- _Aim of the task_
The records below need copying. Match each line exactly.

---------- Listed entries

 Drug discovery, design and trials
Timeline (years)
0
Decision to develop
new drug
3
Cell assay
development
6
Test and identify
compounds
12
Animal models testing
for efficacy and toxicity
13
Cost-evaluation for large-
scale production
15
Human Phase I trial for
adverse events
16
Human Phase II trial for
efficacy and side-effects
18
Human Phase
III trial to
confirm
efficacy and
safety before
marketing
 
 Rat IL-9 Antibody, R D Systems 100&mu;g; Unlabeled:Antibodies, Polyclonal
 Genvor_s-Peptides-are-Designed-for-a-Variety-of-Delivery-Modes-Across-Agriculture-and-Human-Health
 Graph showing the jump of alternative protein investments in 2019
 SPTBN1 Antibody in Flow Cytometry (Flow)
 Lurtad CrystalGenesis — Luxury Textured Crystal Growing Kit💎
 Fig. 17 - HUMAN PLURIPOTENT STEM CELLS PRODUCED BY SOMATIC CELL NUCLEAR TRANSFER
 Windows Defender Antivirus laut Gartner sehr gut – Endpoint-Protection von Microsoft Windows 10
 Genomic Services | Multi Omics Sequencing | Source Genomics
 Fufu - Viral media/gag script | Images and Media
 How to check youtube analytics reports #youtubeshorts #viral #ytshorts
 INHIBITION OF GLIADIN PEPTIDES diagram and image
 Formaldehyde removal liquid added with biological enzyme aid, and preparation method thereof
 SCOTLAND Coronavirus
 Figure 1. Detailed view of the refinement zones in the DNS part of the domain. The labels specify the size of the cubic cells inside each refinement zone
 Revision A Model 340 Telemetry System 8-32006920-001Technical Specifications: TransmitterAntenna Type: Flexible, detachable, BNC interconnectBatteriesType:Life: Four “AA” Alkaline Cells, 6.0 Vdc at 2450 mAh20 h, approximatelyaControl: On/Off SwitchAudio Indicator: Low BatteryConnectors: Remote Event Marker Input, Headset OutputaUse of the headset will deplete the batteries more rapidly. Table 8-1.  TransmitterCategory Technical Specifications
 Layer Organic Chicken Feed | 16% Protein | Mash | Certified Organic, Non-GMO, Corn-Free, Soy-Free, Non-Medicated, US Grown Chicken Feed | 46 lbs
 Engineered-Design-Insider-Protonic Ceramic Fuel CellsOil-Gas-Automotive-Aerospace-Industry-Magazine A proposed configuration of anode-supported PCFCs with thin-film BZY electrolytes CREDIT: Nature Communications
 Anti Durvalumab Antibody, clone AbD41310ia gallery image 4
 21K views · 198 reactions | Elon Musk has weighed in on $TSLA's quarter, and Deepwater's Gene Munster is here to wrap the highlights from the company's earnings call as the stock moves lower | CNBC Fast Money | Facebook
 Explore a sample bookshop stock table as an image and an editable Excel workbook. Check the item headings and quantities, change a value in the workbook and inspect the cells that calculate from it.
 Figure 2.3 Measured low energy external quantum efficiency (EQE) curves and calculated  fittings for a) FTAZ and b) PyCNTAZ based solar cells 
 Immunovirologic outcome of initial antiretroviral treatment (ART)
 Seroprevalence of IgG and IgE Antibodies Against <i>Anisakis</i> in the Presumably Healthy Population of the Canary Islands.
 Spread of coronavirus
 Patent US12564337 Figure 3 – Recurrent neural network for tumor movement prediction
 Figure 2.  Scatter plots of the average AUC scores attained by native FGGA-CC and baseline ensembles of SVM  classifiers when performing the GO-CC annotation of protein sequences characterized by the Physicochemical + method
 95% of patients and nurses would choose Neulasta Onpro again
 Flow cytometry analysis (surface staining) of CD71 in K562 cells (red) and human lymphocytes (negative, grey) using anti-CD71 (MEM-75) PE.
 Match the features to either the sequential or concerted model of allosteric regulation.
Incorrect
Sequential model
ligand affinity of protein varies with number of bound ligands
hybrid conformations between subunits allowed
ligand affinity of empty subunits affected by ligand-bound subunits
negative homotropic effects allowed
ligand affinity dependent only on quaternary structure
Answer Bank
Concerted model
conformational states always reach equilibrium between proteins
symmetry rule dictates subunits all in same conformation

--------------------

- _Solution_
 Drug discovery, design and trials
Timeline (years)
0
Decision to develop
new drug
3
Cell assay
development
6
Test and identify
compounds
12
Animal models testing
for efficacy and toxicity
13
Cost-evaluation for large-
scale production
15
Human Phase I trial for
adverse events
16
Human Phase II trial for
efficacy and side-effects
18
Human Phase
III trial to
confirm
efficacy and
safety before
marketing
 
 Rat IL-9 Antibody, R D Systems 100&mu;g; Unlabeled:Antibodies, Polyclonal
 Genvor_s-Peptides-are-Designed-for-a-Variety-of-Delivery-Modes-Across-Agriculture-and-Human-Health
 Graph showing the jump of alternative protein investments in 2019
 SPTBN1 Antibody in Flow Cytometry (Flow)
 Lurtad CrystalGenesis — Luxury Textured Crystal Growing Kit💎
 Fig. 17 - HUMAN PLURIPOTENT STEM CELLS PRODUCED BY SOMATIC CELL NUCLEAR TRANSFER
 Windows Defender Antivirus laut Gartner sehr gut – Endpoint-Protection von Microsoft Windows 10
 Genomic Services | Multi Omics Sequencing | Source Genomics
 Fufu - Viral media/gag script | Images and Media
 How to check youtube analytics reports #youtubeshorts #viral #ytshorts
 INHIBITION OF GLIADIN PEPTIDES diagram and image
 Formaldehyde removal liquid added with biological enzyme aid, and preparation method thereof
 SCOTLAND Coronavirus
 Figure 1. Detailed view of the refinement zones in the DNS part of the domain. The labels specify the size of the cubic cells inside each refinement zone
 Revision A Model 340 Telemetry System 8-32006920-001Technical Specifications: TransmitterAntenna Type: Flexible, detachable, BNC interconnectBatteriesType:Life: Four “AA” Alkaline Cells, 6.0 Vdc at 2450 mAh20 h, approximatelyaControl: On/Off SwitchAudio Indicator: Low BatteryConnectors: Remote Event Marker Input, Headset OutputaUse of the headset will deplete the batteries more rapidly. Table 8-1.  TransmitterCategory Technical Specifications
 Layer Organic Chicken Feed | 16% Protein | Mash | Certified Organic, Non-GMO, Corn-Free, Soy-Free, Non-Medicated, US Grown Chicken Feed | 46 lbs
 Engineered-Design-Insider-Protonic Ceramic Fuel CellsOil-Gas-Automotive-Aerospace-Industry-Magazine A proposed configuration of anode-supported PCFCs with thin-film BZY electrolytes CREDIT: Nature Communications
 Anti Durvalumab Antibody, clone AbD41310ia gallery image 4
 21K views · 198 reactions | Elon Musk has weighed in on $TSLA's quarter, and Deepwater's Gene Munster is here to wrap the highlights from the company's earnings call as the stock moves lower | CNBC Fast Money | Facebook
 Explore a sample bookshop stock table as an image and an editable Excel workbook. Check the item headings and quantities, change a value in the workbook and inspect the cells that calculate from it.
 Figure 2.3 Measured low energy external quantum efficiency (EQE) curves and calculated  fittings for a) FTAZ and b) PyCNTAZ based solar cells 
 Immunovirologic outcome of initial antiretroviral treatment (ART)
 Seroprevalence of IgG and IgE Antibodies Against <i>Anisakis</i> in the Presumably Healthy Population of the Canary Islands.
 Spread of coronavirus
 Patent US12564337 Figure 3 – Recurrent neural network for tumor movement prediction
 Figure 2.  Scatter plots of the average AUC scores attained by native FGGA-CC and baseline ensembles of SVM  classifiers when performing the GO-CC annotation of protein sequences characterized by the Physicochemical + method
 95% of patients and nurses would choose Neulasta Onpro again
 Flow cytometry analysis (surface staining) of CD71 in K562 cells (red) and human lymphocytes (negative, grey) using anti-CD71 (MEM-75) PE.
 Match the features to either the sequential or concerted model of allosteric regulation.
Incorrect
Sequential model
ligand affinity of protein varies with number of bound ligands
hybrid conformations between subunits allowed
ligand affinity of empty subunits affected by ligand-bound subunits
negative homotropic effects allowed
ligand affinity dependent only on quaternary structure
Answer Bank
Concerted model
conformational states always reach equilibrium between proteins
symmetry rule dictates subunits all in same conformation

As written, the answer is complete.